**TASK BRIEF**
Word for word, please restate each record and pass over the pictures.

**RECORDS TO USE**
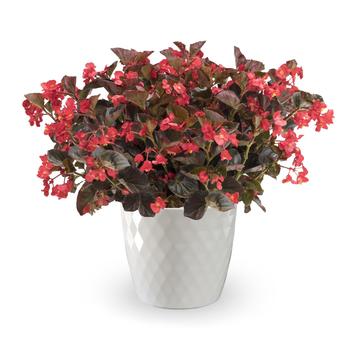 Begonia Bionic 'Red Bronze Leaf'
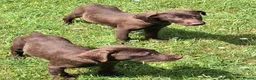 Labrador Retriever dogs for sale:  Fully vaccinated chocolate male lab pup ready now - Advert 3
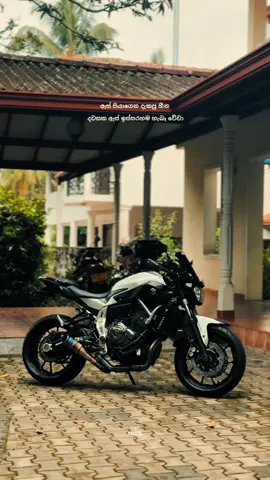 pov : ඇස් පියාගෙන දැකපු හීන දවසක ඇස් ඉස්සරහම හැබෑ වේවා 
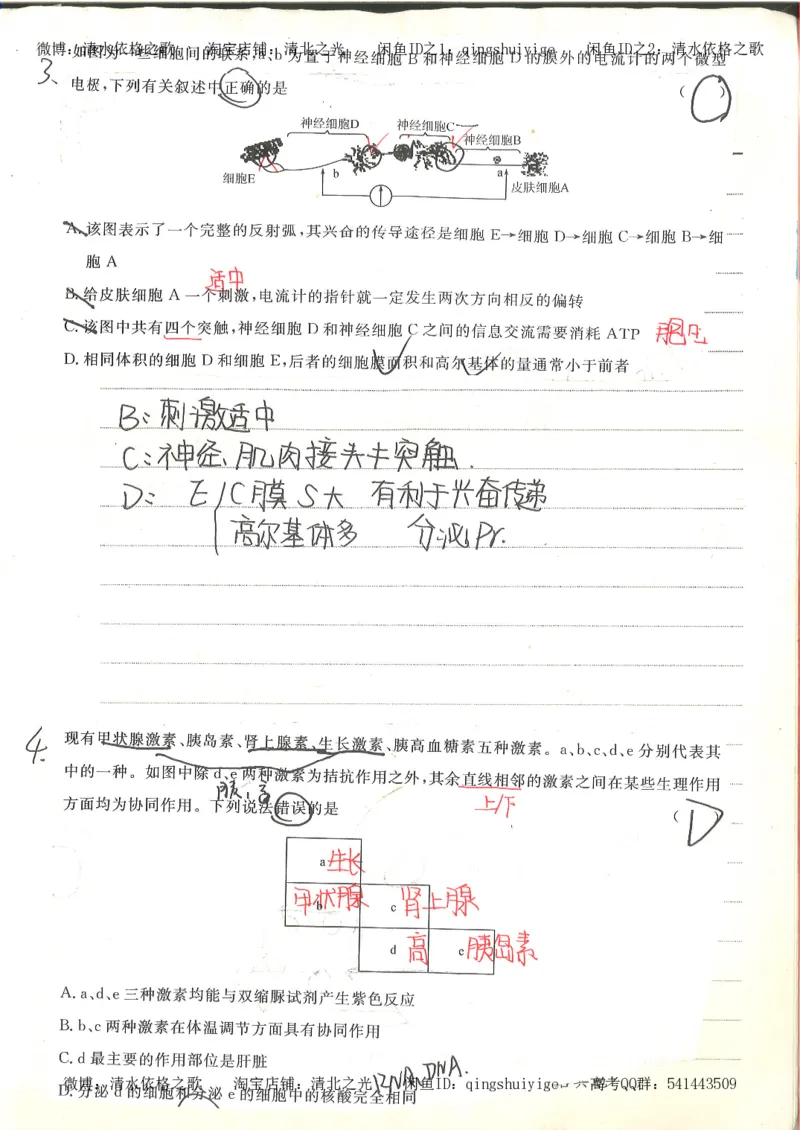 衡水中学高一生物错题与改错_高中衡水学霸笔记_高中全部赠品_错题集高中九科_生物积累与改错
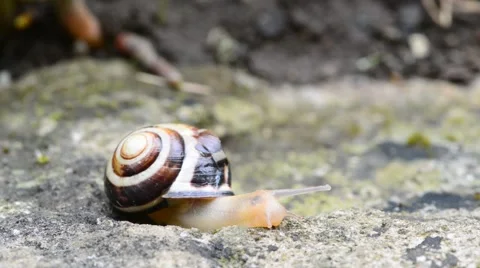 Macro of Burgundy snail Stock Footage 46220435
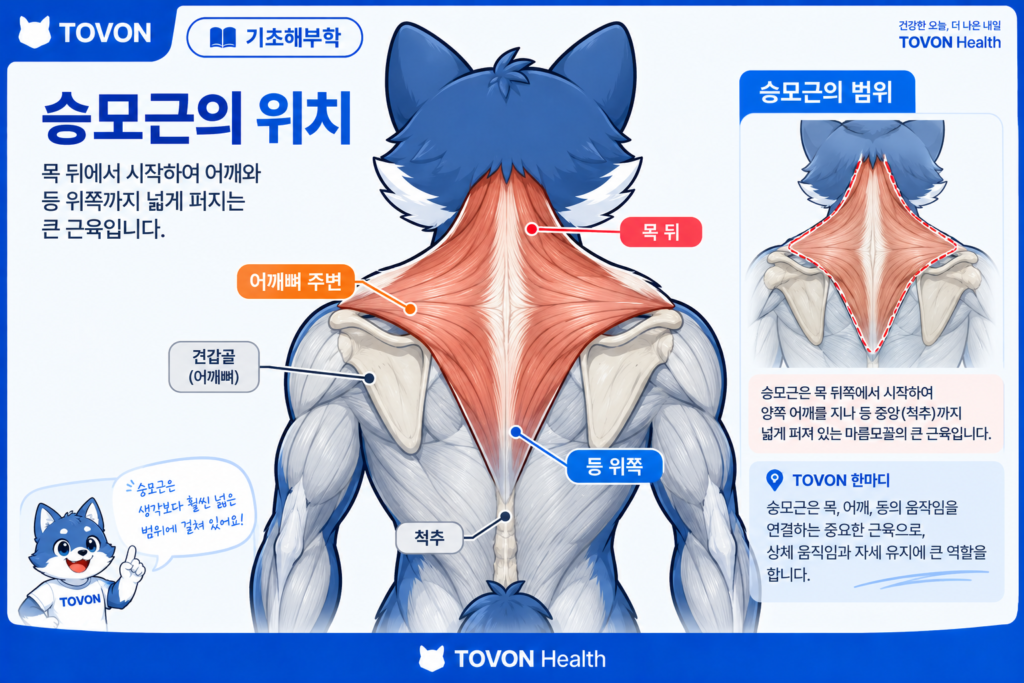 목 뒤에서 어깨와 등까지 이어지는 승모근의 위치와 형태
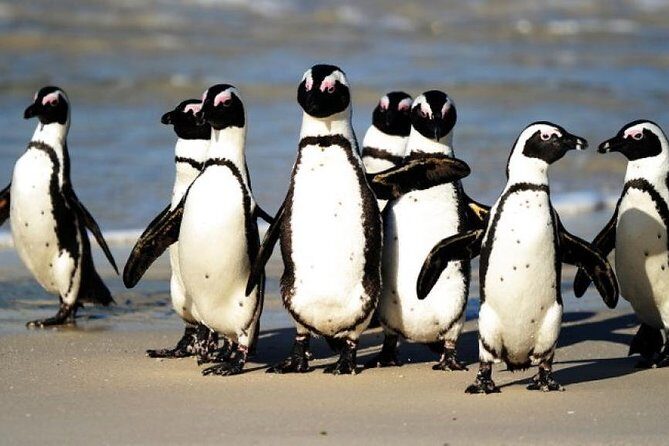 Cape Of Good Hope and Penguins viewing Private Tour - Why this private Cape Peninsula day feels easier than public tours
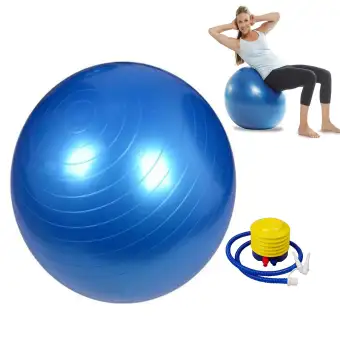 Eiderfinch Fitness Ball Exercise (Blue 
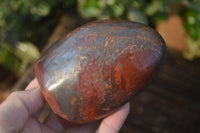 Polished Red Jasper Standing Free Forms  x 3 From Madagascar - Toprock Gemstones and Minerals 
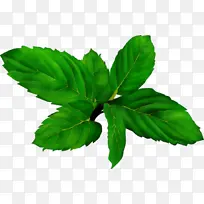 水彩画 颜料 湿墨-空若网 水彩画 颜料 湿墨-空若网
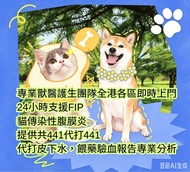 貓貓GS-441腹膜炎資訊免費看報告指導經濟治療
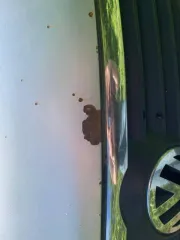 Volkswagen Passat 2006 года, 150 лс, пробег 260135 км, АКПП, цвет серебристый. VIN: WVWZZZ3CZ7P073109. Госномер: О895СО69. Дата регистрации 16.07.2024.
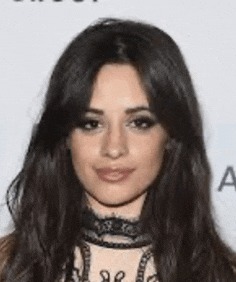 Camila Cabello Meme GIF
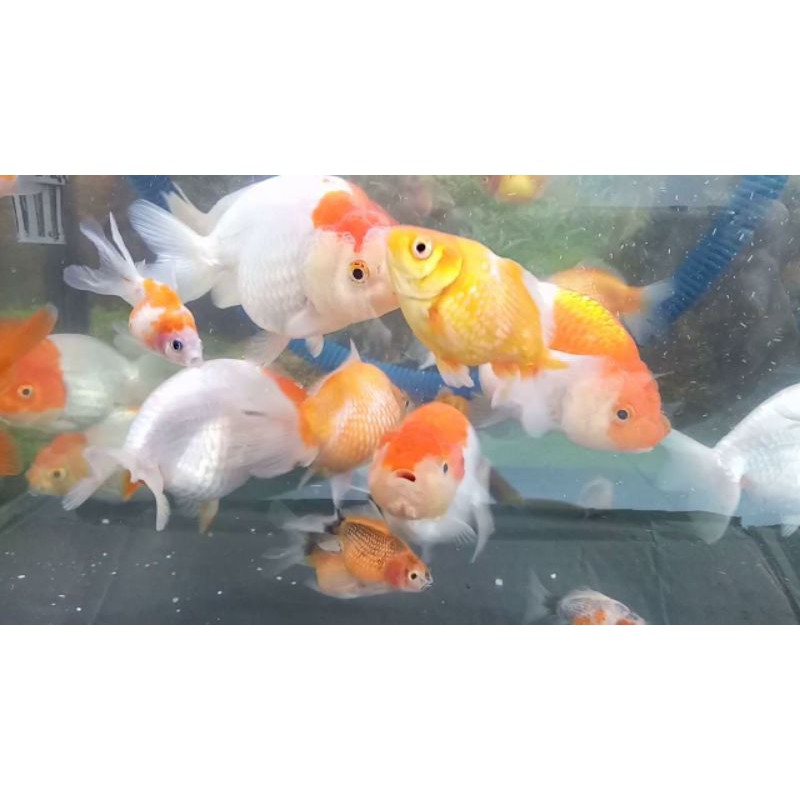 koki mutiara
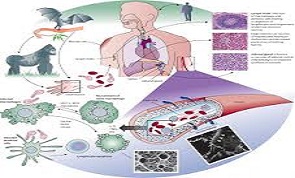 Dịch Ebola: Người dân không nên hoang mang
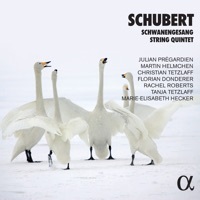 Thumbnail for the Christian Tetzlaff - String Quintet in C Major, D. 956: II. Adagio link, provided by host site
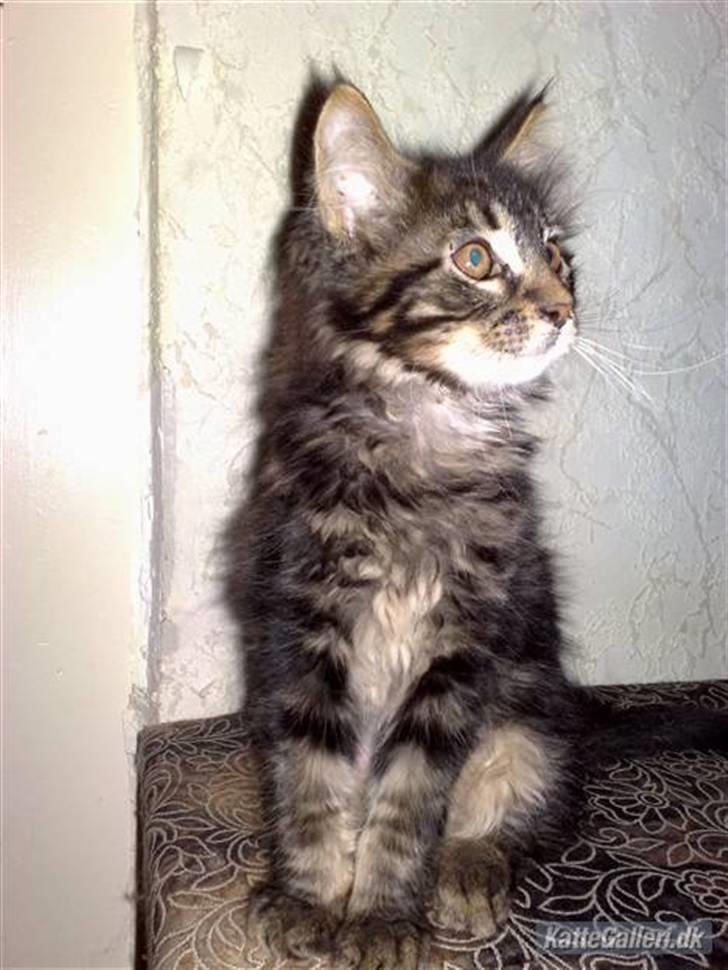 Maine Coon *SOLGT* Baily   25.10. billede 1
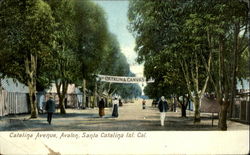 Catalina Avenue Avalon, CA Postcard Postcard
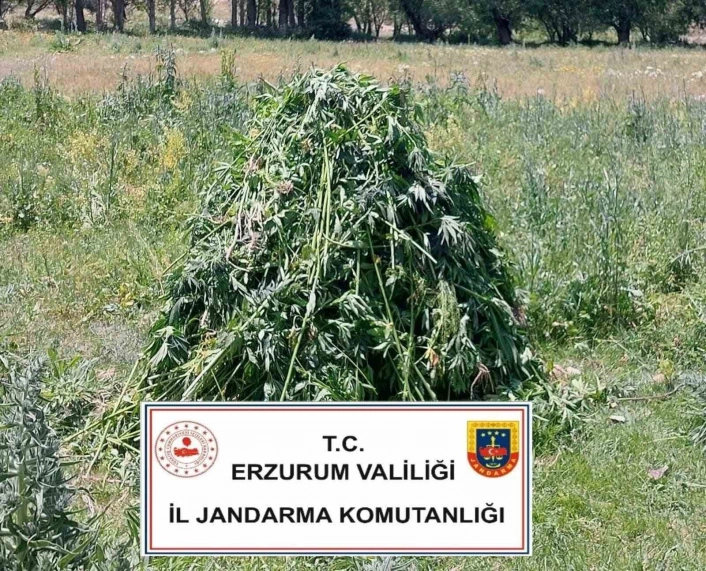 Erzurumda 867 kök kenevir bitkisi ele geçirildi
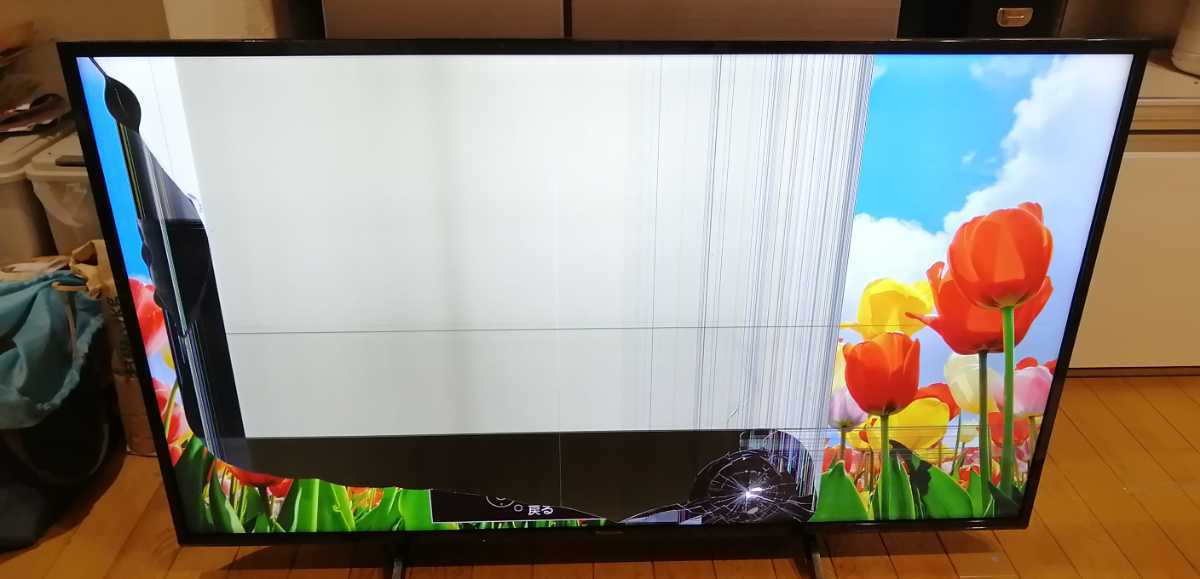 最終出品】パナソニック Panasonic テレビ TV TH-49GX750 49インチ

**SOLVED PROBLEM**
 Begonia Bionic 'Red Bronze Leaf'
 Labrador Retriever dogs for sale:  Fully vaccinated chocolate male lab pup ready now - Advert 3
 pov : ඇස් පියාගෙන දැකපු හීන දවසක ඇස් ඉස්සරහම හැබෑ වේවා 
 衡水中学高一生物错题与改错_高中衡水学霸笔记_高中全部赠品_错题集高中九科_生物积累与改错
 Macro of Burgundy snail Stock Footage 46220435
 목 뒤에서 어깨와 등까지 이어지는 승모근의 위치와 형태
 Cape Of Good Hope and Penguins viewing Private Tour - Why this private Cape Peninsula day feels easier than public tours
 Eiderfinch Fitness Ball Exercise (Blue 
 Polished Red Jasper Standing Free Forms  x 3 From Madagascar - Toprock Gemstones and Minerals 
 水彩画 颜料 湿墨-空若网 水彩画 颜料 湿墨-空若网
 貓貓GS-441腹膜炎資訊免費看報告指導經濟治療
 Volkswagen Passat 2006 года, 150 лс, пробег 260135 км, АКПП, цвет серебристый. VIN: WVWZZZ3CZ7P073109. Госномер: О895СО69. Дата регистрации 16.07.2024.
 Camila Cabello Meme GIF
 koki mutiara
 Dịch Ebola: Người dân không nên hoang mang
 Thumbnail for the Christian Tetzlaff - String Quintet in C Major, D. 956: II. Adagio link, provided by host site
 Maine Coon *SOLGT* Baily   25.10. billede 1
 Catalina Avenue Avalon, CA Postcard Postcard
 Erzurumda 867 kök kenevir bitkisi ele geçirildi
 最終出品】パナソニック Panasonic テレビ TV TH-49GX750 49インチ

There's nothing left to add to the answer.